From d12f6c0a3b71f577f43911cd7475731bfcb7a5ff Mon Sep 17 00:00:00 2001
From: Alan Boudreault <alan@alanb.ca>
Date: Tue, 26 Apr 2016 09:11:37 -0400
Subject: [PATCH 1/7] do not use protocol version and
 set_core_connections_per_host in setup/teardown

---
 benchmarks/base.py | 6 ++----
 1 file changed, 2 insertions(+), 4 deletions(-)

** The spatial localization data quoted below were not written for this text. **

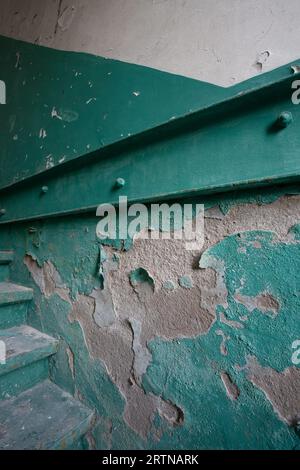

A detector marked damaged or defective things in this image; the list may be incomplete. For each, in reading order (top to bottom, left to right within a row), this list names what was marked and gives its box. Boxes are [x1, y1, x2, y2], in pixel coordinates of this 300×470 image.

cracked wall surface [0, 185, 300, 448] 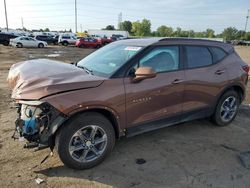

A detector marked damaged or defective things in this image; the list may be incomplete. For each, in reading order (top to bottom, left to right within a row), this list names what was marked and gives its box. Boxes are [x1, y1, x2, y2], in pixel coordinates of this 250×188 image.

crumpled hood [7, 58, 105, 100]
damaged suv [6, 37, 249, 169] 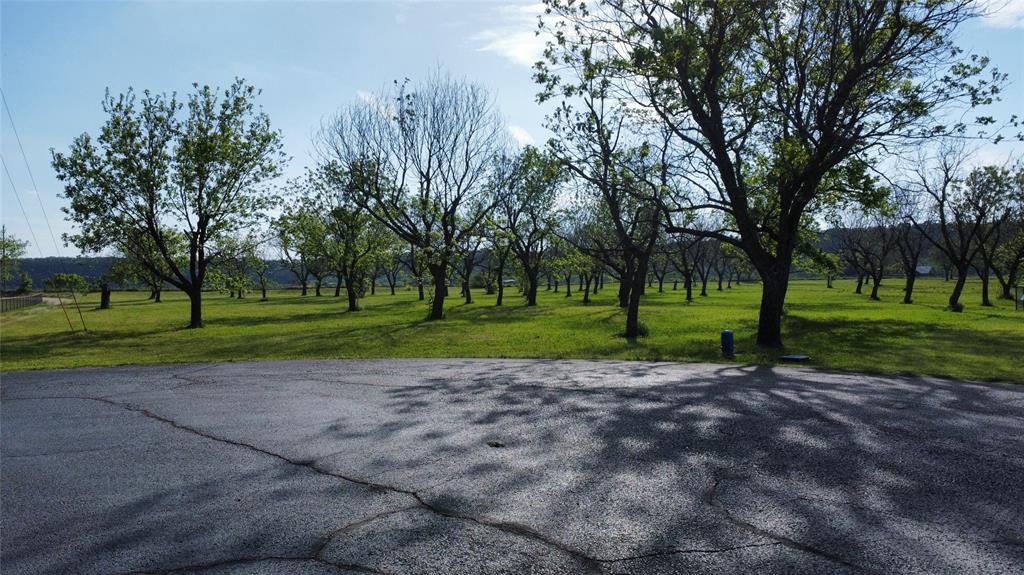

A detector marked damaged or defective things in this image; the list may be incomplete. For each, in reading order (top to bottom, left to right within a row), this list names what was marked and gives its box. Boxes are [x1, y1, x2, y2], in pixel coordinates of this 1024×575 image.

cracked asphalt [2, 360, 1024, 568]
crack in pavement [708, 472, 884, 568] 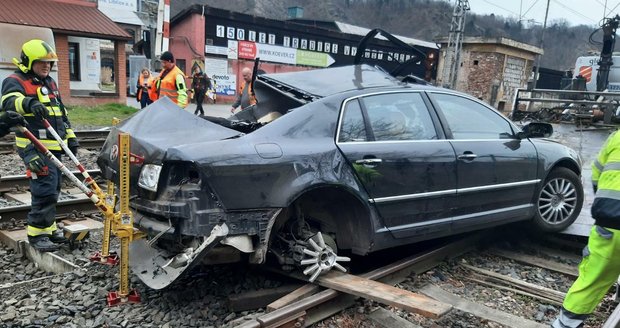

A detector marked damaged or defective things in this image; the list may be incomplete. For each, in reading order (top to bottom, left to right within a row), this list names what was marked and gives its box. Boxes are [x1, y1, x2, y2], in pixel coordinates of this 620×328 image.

broken headlight [138, 164, 162, 192]
crushed car hood [97, 97, 240, 178]
wrecked black car [97, 64, 580, 290] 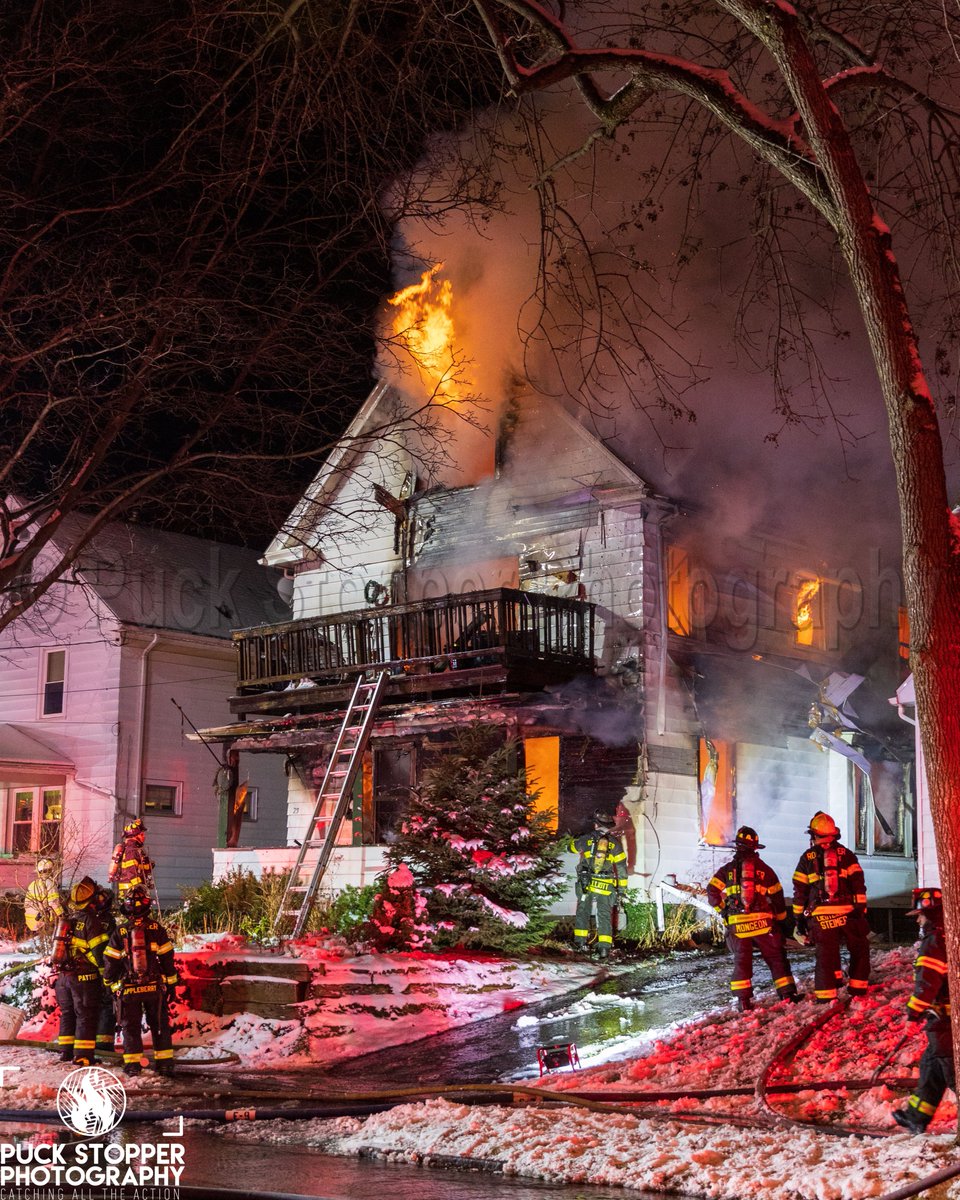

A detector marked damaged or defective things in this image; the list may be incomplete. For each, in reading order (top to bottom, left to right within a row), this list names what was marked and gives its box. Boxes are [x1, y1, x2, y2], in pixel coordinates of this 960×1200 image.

charred balcony railing [234, 584, 592, 688]
broken window [668, 548, 688, 636]
broken window [696, 736, 736, 848]
broken window [856, 760, 908, 852] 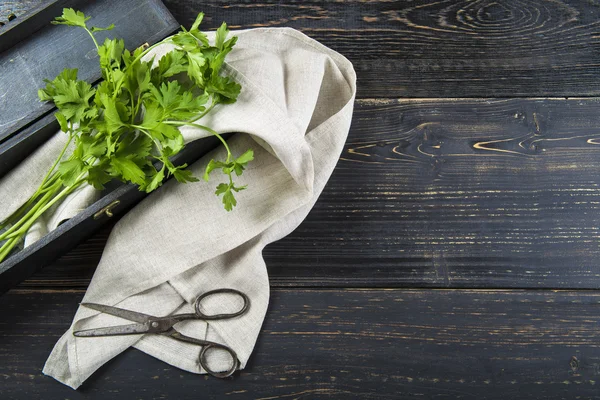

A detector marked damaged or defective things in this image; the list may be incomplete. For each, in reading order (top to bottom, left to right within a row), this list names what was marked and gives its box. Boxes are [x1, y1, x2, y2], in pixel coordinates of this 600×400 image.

rusty scissors [73, 288, 251, 378]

diff --git a/benchmarks/base.py b/benchmarks/base.py
index 812db42a..ec8242b8 100644
--- a/benchmarks/base.py
+++ b/benchmarks/base.py
@@ -63,8 +63,7 @@ TABLE = "testtable"
 def setup(hosts):
     log.info("Using 'cassandra' package from %s", cassandra.__path__)
 
-    cluster = Cluster(hosts, protocol_version=1)
-    cluster.set_core_connections_per_host(HostDistance.LOCAL, 1)
+    cluster = Cluster(hosts)
     try:
         session = cluster.connect()
 
@@ -91,8 +90,7 @@ def setup(hosts):
 
 
 def teardown(hosts):
-    cluster = Cluster(hosts, protocol_version=1)
-    cluster.set_core_connections_per_host(HostDistance.LOCAL, 1)
+    cluster = Cluster(hosts)
     session = cluster.connect()
     session.execute("DROP KEYSPACE " + KEYSPACE)
     cluster.shutdown()

From a01d8d8b70eee509b46826ac694e6bb6a07a960a Mon Sep 17 00:00:00 2001
From: Alan Boudreault <alan@alanb.ca>
Date: Tue, 26 Apr 2016 10:04:34 -0400
Subject: [PATCH 2/7] Add an cli option to specify the number of columns for
 the schema

---
 benchmarks/base.py | 49 ++++++++++++++++++++++++++++------------------
 1 file changed, 30 insertions(+), 19 deletions(-)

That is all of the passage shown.